[[ Study material, beginning ]]

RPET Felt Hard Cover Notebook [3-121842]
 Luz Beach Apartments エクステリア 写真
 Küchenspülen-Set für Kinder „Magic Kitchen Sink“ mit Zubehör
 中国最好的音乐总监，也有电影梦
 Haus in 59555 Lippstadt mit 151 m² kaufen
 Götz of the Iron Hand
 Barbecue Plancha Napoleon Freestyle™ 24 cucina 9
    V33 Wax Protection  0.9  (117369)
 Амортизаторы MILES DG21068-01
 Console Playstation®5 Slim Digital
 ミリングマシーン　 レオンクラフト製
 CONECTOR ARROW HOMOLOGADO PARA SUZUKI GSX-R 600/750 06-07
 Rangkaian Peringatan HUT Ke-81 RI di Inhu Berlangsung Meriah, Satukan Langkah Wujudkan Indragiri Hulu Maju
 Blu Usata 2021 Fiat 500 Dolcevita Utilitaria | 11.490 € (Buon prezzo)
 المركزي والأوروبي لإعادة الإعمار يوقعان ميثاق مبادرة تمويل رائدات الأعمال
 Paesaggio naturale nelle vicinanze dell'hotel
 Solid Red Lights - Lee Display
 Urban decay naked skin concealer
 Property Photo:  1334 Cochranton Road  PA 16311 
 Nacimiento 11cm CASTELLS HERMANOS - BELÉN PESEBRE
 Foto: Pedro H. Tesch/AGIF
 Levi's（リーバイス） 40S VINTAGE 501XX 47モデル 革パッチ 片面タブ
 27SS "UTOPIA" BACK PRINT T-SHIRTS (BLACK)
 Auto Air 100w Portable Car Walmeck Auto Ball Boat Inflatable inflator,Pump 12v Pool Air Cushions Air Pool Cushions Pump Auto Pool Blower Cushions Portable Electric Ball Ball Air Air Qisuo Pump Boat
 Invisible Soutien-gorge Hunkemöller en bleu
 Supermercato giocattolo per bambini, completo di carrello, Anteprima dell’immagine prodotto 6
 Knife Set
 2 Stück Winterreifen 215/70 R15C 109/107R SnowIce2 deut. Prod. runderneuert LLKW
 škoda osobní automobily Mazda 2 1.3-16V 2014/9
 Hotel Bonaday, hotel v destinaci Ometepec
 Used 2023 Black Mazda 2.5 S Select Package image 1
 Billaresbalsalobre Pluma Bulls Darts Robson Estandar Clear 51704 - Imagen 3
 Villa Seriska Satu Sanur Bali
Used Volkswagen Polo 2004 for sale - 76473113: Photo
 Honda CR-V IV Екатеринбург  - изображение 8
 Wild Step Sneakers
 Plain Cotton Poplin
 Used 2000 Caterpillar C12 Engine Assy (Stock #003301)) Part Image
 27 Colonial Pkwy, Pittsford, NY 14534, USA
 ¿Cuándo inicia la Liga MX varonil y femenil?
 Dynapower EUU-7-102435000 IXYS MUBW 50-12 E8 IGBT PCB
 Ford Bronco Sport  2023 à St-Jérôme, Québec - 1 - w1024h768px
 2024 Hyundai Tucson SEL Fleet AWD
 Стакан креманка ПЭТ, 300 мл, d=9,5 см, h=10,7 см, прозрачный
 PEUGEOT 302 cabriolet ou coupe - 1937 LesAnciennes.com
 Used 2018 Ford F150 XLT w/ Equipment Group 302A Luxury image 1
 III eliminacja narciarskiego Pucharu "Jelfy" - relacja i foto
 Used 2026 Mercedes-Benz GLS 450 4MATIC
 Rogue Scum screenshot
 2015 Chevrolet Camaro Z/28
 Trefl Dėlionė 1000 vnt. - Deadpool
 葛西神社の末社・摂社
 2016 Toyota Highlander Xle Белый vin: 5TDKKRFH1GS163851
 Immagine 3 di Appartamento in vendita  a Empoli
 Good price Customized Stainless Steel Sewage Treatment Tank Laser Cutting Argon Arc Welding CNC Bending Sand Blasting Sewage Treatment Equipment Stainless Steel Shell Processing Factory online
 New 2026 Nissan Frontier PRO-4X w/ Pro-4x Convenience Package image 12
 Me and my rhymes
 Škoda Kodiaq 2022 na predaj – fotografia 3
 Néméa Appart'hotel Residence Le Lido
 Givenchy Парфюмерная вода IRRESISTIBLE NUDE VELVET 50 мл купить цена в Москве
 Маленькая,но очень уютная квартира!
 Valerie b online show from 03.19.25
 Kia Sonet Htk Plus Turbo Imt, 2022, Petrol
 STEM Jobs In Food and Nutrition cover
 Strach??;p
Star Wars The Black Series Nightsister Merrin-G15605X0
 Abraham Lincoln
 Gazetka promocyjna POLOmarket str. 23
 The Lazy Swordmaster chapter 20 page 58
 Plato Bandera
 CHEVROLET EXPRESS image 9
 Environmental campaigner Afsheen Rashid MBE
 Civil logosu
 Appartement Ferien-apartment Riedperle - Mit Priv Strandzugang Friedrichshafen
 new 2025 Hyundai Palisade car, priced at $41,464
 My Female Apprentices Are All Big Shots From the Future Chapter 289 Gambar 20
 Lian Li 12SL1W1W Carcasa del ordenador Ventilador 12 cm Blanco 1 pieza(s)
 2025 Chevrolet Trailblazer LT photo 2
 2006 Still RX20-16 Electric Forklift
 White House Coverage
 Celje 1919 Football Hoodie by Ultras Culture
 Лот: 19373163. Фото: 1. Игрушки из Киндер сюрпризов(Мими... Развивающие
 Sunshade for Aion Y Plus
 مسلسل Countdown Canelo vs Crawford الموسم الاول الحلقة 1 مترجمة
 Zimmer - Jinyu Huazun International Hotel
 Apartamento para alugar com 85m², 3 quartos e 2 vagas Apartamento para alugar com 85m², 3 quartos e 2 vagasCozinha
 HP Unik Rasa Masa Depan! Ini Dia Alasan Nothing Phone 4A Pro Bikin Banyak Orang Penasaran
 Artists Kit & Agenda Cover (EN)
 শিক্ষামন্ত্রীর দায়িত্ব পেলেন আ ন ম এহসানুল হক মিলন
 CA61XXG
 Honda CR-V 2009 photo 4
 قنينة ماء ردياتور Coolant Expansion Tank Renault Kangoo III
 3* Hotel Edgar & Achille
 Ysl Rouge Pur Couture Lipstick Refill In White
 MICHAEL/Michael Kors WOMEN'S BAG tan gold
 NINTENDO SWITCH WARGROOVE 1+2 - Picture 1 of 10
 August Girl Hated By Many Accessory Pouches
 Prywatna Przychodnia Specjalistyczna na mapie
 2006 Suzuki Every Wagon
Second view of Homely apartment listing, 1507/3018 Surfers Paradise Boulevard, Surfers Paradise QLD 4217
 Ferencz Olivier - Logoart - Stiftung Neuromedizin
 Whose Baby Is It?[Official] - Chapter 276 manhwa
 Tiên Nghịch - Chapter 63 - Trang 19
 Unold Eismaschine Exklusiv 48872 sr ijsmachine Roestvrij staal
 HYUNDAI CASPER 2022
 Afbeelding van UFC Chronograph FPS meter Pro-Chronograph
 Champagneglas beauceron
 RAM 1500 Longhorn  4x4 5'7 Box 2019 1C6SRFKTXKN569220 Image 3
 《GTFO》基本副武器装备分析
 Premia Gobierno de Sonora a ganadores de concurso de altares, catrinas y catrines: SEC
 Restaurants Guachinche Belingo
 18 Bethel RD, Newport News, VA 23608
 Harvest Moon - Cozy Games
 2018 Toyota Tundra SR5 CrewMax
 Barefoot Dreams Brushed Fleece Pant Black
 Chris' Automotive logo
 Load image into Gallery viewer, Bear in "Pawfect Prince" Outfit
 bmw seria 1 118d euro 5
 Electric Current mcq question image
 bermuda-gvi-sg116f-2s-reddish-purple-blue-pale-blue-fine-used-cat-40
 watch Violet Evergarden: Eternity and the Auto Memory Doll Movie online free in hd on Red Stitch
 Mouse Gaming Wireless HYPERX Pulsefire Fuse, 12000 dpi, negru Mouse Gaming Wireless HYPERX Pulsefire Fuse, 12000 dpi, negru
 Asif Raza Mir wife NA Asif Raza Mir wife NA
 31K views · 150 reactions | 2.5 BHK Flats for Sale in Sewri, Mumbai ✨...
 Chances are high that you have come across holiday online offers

[[ Study material, end ]]

#### [Work task]
All that is needed is the opening run of the data, given again exactly: please include every line from the first through the line with "Амортизаторы MILES DG21068-01", both ends kept.

#### [Exercise output]
RPET Felt Hard Cover Notebook [3-121842]
 Luz Beach Apartments エクステリア 写真
 Küchenspülen-Set für Kinder „Magic Kitchen Sink“ mit Zubehör
 中国最好的音乐总监，也有电影梦
 Haus in 59555 Lippstadt mit 151 m² kaufen
 Götz of the Iron Hand
 Barbecue Plancha Napoleon Freestyle™ 24 cucina 9
    V33 Wax Protection  0.9  (117369)
 Амортизаторы MILES DG21068-01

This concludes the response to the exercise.